◆ Instructions for the task: Transcribe all of the records word for word, please, omitting the pictures.

◆ Records provided:

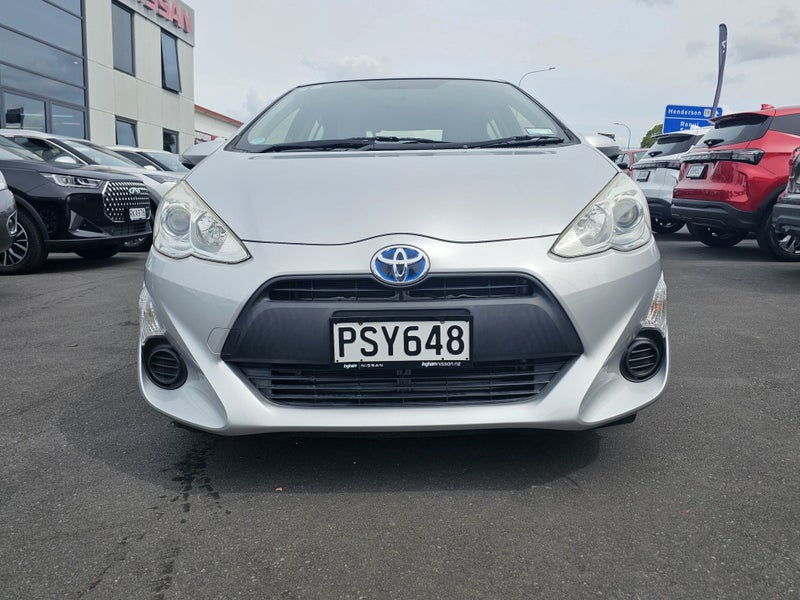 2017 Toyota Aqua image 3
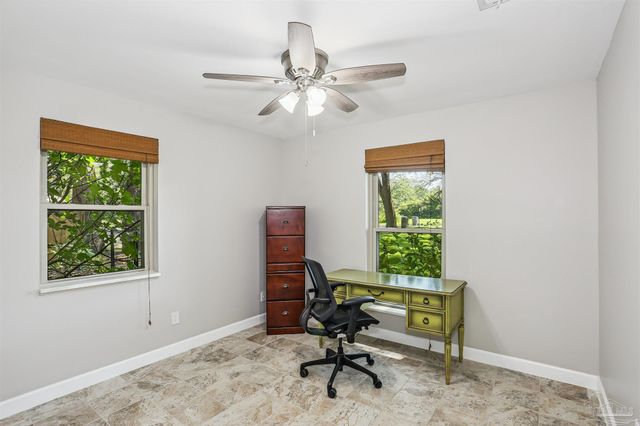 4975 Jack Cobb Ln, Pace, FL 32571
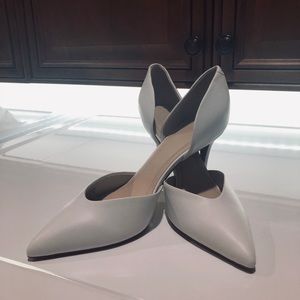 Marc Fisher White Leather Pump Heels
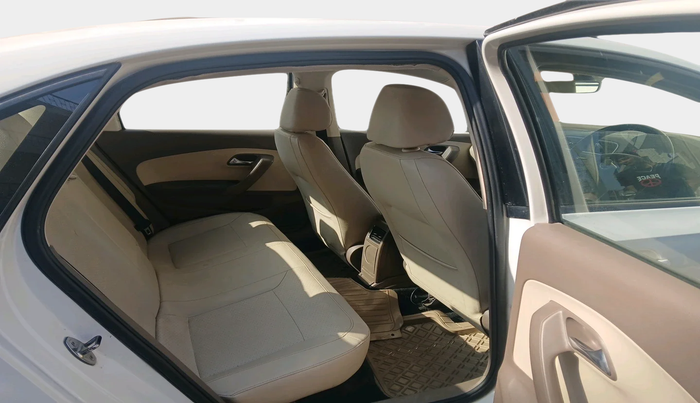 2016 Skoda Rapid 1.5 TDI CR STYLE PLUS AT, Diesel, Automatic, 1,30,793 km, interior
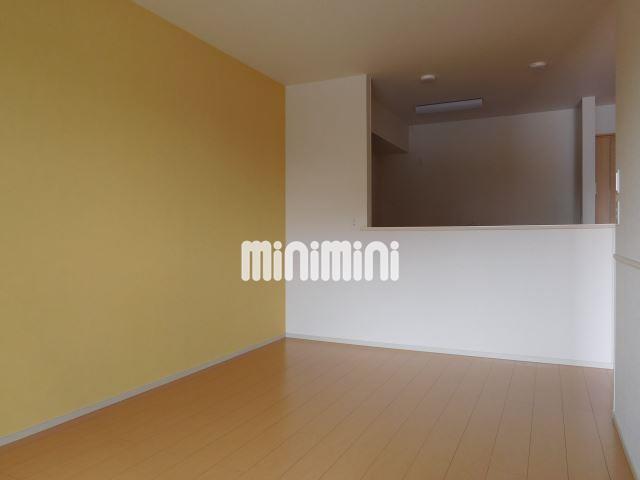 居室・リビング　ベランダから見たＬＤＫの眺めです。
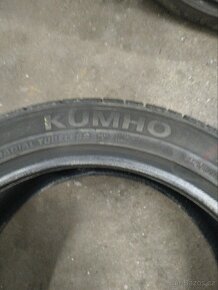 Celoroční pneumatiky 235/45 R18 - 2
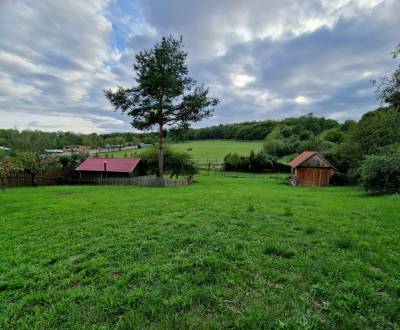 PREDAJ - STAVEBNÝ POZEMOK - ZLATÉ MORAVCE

◆ Your response:
 2017 Toyota Aqua image 3
 4975 Jack Cobb Ln, Pace, FL 32571
 Marc Fisher White Leather Pump Heels
 2016 Skoda Rapid 1.5 TDI CR STYLE PLUS AT, Diesel, Automatic, 1,30,793 km, interior
 居室・リビング　ベランダから見たＬＤＫの眺めです。
 Celoroční pneumatiky 235/45 R18 - 2
 PREDAJ - STAVEBNÝ POZEMOK - ZLATÉ MORAVCE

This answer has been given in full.